ご飯食べ放題のステーキ定食がなんと「税込1000円」…愛知発の焼き肉チェーンが"激安"を維持できるカラクリ
ステーキチェーン業界で安さを売りにしているのが「感動の肉と米」だ。運営するのは焼肉店チェーンの「あみやき亭」で、本社のある愛知県を中心に店舗数を増やしている。コメや原材料が高騰する中、なぜ低価格を維持できるのか。あみやき亭会長兼社長の佐藤啓介さんを取材した――。 【写真】ふたを開けると思わず声が出る「和牛一頭買い“肉の玉手箱” 」 ■ご飯、味噌汁、副菜も食べ放題 物価高が続き、飲食店でもなるべく安いものや、食べ放題サービスなどに消費者の目が向くようになった。 例えば焼肉にも財布の紐が固くなる中、人気が高まっているのが、税込み1000円で食べられるステーキ定食のチェーンだ。ステーキというだけでも魅力的だが、加えて、ご飯や味噌汁、数種類の副菜も食べ放題だという。 名称は「感動の肉と米」(以下、肉と米)。

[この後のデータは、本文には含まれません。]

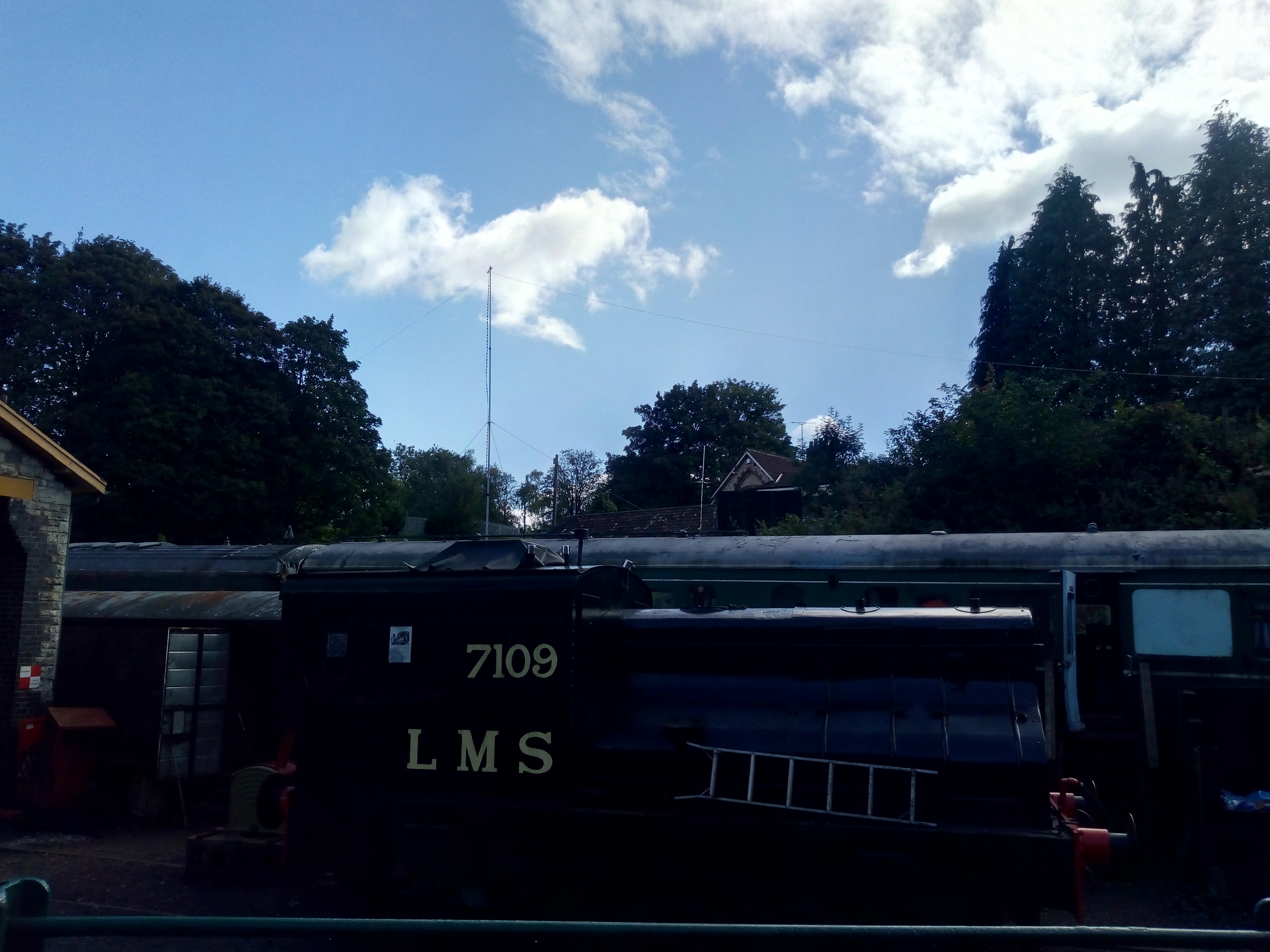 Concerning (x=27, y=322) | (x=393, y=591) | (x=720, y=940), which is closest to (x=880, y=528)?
(x=393, y=591)

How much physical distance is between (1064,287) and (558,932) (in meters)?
34.8

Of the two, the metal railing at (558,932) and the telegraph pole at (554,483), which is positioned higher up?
the telegraph pole at (554,483)

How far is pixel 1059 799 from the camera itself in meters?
5.43

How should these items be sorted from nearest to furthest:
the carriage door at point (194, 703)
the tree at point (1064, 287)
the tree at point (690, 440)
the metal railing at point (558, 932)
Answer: the metal railing at point (558, 932)
the carriage door at point (194, 703)
the tree at point (1064, 287)
the tree at point (690, 440)

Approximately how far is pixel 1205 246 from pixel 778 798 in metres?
28.5

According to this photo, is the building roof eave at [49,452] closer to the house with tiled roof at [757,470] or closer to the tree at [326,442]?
the tree at [326,442]

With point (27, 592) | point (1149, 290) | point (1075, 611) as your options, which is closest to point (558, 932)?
point (1075, 611)

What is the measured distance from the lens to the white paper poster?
19.9 feet

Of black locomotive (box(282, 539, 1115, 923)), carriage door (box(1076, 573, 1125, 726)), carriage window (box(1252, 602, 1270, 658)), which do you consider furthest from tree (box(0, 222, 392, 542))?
carriage window (box(1252, 602, 1270, 658))

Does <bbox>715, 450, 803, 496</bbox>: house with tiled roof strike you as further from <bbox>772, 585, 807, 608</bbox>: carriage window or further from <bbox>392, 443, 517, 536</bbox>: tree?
<bbox>772, 585, 807, 608</bbox>: carriage window

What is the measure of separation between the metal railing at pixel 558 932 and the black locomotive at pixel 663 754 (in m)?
3.21

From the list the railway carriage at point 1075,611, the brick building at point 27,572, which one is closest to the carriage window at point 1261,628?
the railway carriage at point 1075,611

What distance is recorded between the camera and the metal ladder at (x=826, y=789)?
5.14m

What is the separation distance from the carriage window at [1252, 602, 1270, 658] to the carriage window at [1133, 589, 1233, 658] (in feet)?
0.70
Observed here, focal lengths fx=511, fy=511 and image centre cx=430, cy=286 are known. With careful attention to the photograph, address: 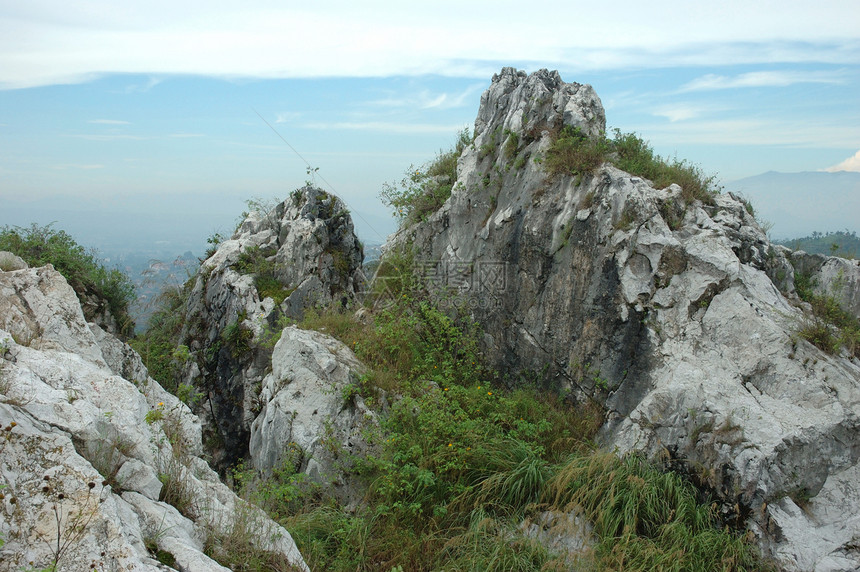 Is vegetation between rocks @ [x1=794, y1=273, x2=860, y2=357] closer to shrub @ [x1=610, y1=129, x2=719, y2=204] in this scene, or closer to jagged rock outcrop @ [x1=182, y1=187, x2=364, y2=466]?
shrub @ [x1=610, y1=129, x2=719, y2=204]

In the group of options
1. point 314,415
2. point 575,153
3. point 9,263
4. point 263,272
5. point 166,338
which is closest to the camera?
point 9,263

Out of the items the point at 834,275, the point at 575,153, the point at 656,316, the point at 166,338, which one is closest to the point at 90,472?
the point at 656,316

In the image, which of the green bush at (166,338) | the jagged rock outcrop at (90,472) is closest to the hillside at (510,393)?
the jagged rock outcrop at (90,472)

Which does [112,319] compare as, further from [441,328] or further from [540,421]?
[540,421]

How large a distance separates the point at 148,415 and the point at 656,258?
27.1 ft

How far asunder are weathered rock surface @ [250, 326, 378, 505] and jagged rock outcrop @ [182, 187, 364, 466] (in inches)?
72.7

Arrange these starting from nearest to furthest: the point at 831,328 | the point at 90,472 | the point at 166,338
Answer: the point at 90,472 < the point at 831,328 < the point at 166,338

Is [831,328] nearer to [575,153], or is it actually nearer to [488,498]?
[575,153]

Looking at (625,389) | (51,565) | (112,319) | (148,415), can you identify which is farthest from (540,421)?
(112,319)

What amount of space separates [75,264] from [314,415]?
879 cm

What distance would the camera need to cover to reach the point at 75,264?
13.4m

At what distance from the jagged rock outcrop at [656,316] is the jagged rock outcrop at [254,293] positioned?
2.75 metres

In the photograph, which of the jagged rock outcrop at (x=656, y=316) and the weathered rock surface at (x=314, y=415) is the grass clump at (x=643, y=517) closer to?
the jagged rock outcrop at (x=656, y=316)

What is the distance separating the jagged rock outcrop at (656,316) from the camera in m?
6.71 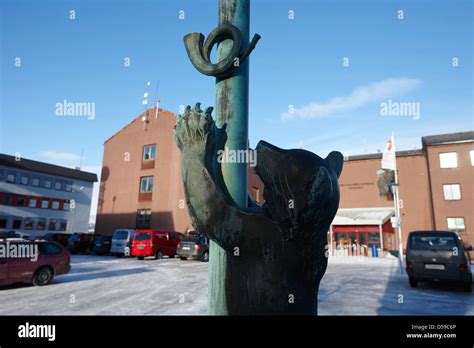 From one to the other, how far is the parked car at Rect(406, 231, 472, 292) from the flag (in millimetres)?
9656

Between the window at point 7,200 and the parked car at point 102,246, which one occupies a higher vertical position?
the window at point 7,200

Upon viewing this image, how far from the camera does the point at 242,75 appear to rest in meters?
1.75

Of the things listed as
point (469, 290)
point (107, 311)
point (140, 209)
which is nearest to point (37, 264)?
point (107, 311)

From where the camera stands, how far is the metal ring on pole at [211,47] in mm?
1615

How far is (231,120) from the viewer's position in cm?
167

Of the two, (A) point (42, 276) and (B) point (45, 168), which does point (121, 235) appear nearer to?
(A) point (42, 276)

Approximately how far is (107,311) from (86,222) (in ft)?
137

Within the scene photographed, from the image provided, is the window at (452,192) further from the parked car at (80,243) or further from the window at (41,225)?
the window at (41,225)

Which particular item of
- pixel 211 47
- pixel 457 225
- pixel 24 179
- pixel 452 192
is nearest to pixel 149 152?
pixel 24 179

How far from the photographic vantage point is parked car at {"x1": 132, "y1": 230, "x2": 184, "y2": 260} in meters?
20.0

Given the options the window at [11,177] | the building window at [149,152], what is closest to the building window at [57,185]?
the window at [11,177]

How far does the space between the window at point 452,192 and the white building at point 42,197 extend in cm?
4284

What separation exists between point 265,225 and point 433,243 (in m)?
11.1

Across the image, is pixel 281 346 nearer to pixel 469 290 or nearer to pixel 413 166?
pixel 469 290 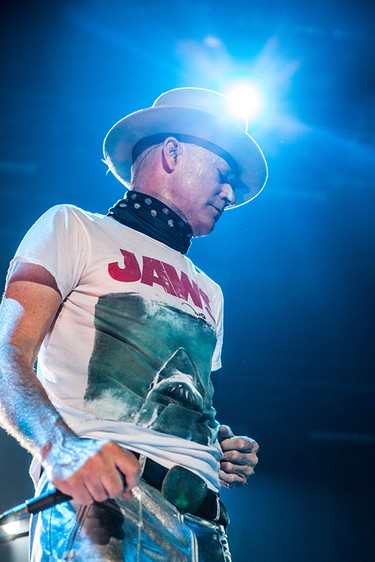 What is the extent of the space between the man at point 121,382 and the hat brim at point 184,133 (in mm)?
290

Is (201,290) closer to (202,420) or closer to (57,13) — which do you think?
(202,420)

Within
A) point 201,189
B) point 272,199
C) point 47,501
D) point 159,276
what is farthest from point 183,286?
point 272,199

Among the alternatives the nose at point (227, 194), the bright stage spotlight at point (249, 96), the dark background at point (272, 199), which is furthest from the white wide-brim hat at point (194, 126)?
the bright stage spotlight at point (249, 96)

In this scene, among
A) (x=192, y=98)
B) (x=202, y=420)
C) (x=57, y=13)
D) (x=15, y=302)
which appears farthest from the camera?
(x=57, y=13)

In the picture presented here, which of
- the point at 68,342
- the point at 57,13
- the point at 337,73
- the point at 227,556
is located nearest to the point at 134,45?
the point at 57,13

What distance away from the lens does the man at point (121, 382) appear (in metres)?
1.25

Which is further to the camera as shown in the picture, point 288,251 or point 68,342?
point 288,251

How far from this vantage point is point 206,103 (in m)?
2.50

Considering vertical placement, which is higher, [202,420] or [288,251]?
[288,251]

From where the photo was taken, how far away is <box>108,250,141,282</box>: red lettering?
1802 mm

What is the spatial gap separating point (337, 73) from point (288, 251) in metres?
1.61

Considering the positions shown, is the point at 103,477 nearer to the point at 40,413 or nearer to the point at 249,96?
the point at 40,413

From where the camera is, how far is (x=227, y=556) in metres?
1.66

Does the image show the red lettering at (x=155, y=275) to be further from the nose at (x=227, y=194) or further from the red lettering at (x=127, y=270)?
the nose at (x=227, y=194) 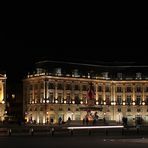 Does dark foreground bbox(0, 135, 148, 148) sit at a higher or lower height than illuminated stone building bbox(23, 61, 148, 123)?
lower

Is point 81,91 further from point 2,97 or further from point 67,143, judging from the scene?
point 67,143

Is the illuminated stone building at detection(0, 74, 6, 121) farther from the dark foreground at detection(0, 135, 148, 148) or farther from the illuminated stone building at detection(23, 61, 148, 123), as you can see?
the dark foreground at detection(0, 135, 148, 148)

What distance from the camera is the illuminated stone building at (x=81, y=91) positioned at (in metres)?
120

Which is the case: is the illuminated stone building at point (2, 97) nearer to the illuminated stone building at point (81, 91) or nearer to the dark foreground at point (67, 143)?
the illuminated stone building at point (81, 91)

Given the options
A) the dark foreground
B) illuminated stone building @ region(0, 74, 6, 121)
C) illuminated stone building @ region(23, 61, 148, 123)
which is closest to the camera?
the dark foreground

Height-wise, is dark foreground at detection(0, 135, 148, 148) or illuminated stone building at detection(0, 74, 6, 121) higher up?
illuminated stone building at detection(0, 74, 6, 121)

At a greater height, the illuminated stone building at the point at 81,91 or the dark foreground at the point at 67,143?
the illuminated stone building at the point at 81,91

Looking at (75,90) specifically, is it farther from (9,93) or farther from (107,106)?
(9,93)

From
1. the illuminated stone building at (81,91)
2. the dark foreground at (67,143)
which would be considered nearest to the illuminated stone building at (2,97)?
the illuminated stone building at (81,91)

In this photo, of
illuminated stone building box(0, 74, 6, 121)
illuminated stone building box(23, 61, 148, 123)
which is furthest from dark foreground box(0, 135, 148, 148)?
illuminated stone building box(23, 61, 148, 123)

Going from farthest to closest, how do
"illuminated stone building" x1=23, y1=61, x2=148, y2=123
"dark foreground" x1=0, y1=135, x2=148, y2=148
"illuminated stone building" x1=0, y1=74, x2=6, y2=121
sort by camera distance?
"illuminated stone building" x1=23, y1=61, x2=148, y2=123 < "illuminated stone building" x1=0, y1=74, x2=6, y2=121 < "dark foreground" x1=0, y1=135, x2=148, y2=148

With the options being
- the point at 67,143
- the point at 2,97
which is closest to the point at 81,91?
the point at 2,97

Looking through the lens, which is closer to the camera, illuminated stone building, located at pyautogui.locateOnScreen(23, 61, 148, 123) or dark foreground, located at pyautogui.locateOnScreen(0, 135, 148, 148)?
dark foreground, located at pyautogui.locateOnScreen(0, 135, 148, 148)

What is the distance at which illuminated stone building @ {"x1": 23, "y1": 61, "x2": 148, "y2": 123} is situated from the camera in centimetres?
12019
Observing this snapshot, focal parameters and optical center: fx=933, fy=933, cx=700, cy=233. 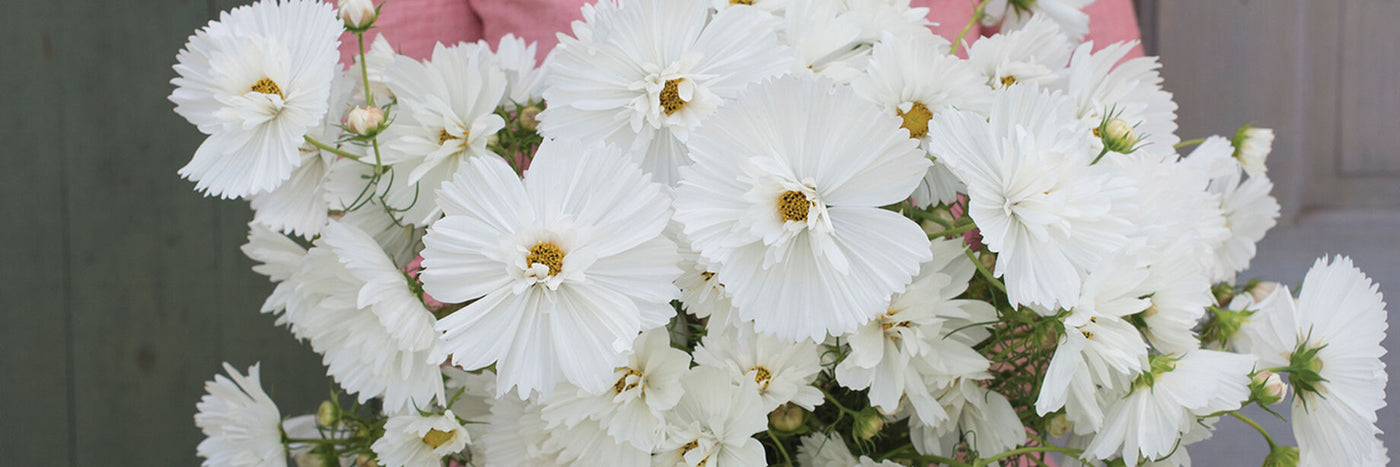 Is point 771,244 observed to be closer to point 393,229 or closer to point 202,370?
point 393,229

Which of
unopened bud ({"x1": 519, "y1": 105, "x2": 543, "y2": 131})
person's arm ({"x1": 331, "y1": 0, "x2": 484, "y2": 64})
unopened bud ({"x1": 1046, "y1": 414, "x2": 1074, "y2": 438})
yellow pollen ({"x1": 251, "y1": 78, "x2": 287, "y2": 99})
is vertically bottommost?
unopened bud ({"x1": 1046, "y1": 414, "x2": 1074, "y2": 438})

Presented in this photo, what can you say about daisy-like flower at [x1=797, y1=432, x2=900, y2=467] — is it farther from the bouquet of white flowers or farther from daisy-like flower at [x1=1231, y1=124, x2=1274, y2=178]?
daisy-like flower at [x1=1231, y1=124, x2=1274, y2=178]

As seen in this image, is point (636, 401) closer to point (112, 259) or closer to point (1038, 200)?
point (1038, 200)

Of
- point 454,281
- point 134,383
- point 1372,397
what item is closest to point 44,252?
point 134,383

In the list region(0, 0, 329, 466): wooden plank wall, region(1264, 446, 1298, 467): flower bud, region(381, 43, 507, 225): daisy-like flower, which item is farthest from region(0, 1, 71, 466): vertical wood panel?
region(1264, 446, 1298, 467): flower bud

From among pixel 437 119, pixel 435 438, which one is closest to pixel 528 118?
pixel 437 119

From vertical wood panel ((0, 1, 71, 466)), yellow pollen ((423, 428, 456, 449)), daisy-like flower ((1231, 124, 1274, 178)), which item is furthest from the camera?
vertical wood panel ((0, 1, 71, 466)) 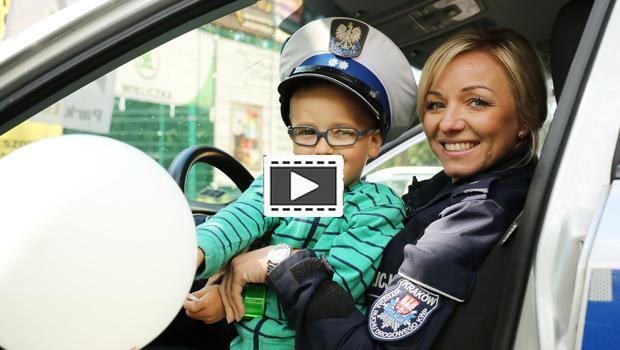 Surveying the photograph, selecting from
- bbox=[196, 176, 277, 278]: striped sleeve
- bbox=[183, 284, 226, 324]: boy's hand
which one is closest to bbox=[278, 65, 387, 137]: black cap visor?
bbox=[196, 176, 277, 278]: striped sleeve

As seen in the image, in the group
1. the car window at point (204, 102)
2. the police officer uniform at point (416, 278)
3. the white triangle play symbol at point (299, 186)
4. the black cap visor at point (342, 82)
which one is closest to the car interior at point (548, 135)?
the police officer uniform at point (416, 278)

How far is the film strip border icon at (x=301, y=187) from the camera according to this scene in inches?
43.0

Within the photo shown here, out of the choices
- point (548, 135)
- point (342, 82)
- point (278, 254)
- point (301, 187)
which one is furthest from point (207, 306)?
point (548, 135)

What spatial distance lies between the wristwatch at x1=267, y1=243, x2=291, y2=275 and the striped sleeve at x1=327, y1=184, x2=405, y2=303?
3.7 inches

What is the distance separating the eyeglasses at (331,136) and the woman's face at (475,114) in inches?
9.2

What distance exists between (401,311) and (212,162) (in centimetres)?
133

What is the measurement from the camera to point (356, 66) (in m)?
1.46

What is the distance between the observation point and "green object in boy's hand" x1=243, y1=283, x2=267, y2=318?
1.40 metres

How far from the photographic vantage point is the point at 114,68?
1328 mm

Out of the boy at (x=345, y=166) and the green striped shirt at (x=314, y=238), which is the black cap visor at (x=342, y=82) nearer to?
the boy at (x=345, y=166)

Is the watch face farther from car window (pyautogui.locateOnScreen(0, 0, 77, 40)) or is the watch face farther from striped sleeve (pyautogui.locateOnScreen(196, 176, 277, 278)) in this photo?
car window (pyautogui.locateOnScreen(0, 0, 77, 40))

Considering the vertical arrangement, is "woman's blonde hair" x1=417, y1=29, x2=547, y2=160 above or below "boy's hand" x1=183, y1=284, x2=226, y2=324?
above

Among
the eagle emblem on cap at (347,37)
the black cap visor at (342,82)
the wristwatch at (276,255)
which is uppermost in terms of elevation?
the eagle emblem on cap at (347,37)

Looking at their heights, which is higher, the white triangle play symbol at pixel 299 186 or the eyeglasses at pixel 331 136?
the eyeglasses at pixel 331 136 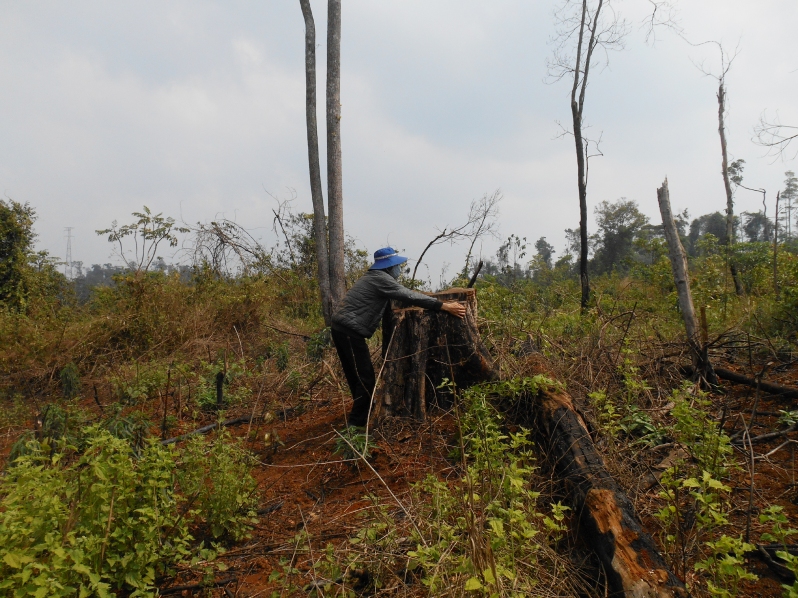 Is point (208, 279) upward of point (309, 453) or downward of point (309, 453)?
upward

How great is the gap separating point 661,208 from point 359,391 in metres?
3.39

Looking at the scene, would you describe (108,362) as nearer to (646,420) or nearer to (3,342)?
(3,342)

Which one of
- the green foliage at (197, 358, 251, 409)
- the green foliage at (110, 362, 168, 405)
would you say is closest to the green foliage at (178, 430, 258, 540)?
the green foliage at (197, 358, 251, 409)

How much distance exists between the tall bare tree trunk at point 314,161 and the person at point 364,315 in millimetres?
4883

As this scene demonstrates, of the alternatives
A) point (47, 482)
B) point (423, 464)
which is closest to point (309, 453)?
point (423, 464)

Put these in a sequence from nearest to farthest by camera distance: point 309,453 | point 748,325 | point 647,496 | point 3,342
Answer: point 647,496 → point 309,453 → point 748,325 → point 3,342

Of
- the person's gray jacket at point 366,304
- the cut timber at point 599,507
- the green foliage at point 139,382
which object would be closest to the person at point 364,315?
the person's gray jacket at point 366,304

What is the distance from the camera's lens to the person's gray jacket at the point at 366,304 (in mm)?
4422

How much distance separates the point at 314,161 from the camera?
32.1ft

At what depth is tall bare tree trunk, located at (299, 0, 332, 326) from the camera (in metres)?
9.45

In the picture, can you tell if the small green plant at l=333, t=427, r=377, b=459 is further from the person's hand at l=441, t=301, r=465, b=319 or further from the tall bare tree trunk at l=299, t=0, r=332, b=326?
the tall bare tree trunk at l=299, t=0, r=332, b=326

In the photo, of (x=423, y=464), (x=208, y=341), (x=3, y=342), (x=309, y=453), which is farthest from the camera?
(x=208, y=341)

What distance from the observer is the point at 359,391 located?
15.3ft

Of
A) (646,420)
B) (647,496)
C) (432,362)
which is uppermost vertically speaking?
(432,362) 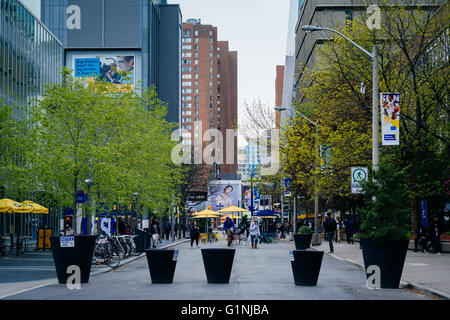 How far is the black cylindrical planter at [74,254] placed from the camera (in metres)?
16.2

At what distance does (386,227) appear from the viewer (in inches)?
584

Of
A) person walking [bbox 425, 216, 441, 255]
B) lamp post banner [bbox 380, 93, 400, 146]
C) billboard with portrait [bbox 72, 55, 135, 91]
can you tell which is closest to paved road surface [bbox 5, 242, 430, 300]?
lamp post banner [bbox 380, 93, 400, 146]

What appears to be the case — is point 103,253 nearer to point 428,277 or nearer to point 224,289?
point 224,289

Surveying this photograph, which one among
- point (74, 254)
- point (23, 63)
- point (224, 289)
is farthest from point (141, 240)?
point (23, 63)

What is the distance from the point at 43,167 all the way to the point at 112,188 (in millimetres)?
4505

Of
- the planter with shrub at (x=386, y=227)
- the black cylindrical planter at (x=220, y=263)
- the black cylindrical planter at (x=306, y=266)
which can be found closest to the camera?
the planter with shrub at (x=386, y=227)

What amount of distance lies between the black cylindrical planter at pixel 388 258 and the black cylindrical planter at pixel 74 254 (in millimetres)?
6633

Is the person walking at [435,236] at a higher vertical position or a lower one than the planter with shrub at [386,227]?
lower

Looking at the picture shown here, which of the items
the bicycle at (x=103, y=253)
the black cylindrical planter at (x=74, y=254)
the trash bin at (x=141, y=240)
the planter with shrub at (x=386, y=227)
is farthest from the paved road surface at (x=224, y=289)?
the trash bin at (x=141, y=240)

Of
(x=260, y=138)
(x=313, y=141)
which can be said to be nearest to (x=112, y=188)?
(x=313, y=141)

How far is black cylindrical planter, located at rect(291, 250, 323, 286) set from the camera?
1552cm

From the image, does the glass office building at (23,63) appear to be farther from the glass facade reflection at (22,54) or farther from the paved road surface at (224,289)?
the paved road surface at (224,289)

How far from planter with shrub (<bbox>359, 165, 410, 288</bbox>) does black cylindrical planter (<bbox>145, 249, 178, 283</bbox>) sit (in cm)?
479

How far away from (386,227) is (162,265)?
221 inches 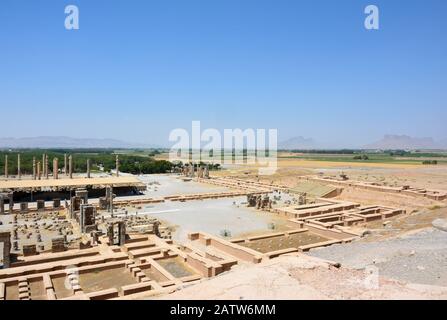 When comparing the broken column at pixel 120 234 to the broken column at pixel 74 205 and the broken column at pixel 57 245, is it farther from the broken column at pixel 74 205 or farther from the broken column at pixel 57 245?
the broken column at pixel 74 205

愛知県発祥だが東京にも進出しており、繁華街、住宅街、郊外ロードサイドなどさまざまな立地に店舗を増やしつつある。 ■店内には常連と見られる中学生たちの姿 その実力や安さの秘密を探るため、今回、横浜市内にある青葉台店を訪ねた。 訪ねたのは平日の18時ごろで、まだ夕飯時前だからだろう、混み合ってはいない。しかし不思議な光景を目にした。 中学生ぐらいの少年たちが店内にたむろしているのだ。近くに親らしき姿はない。どうやら隣接する学習塾の帰りに仲間同士で食べにきたようだ。注文や料理の受け取りに慣れた様子からは常連と見受けられる。 こちらも負けずに、入り口の販売機で、一番人気というロースステーキセットを注文した。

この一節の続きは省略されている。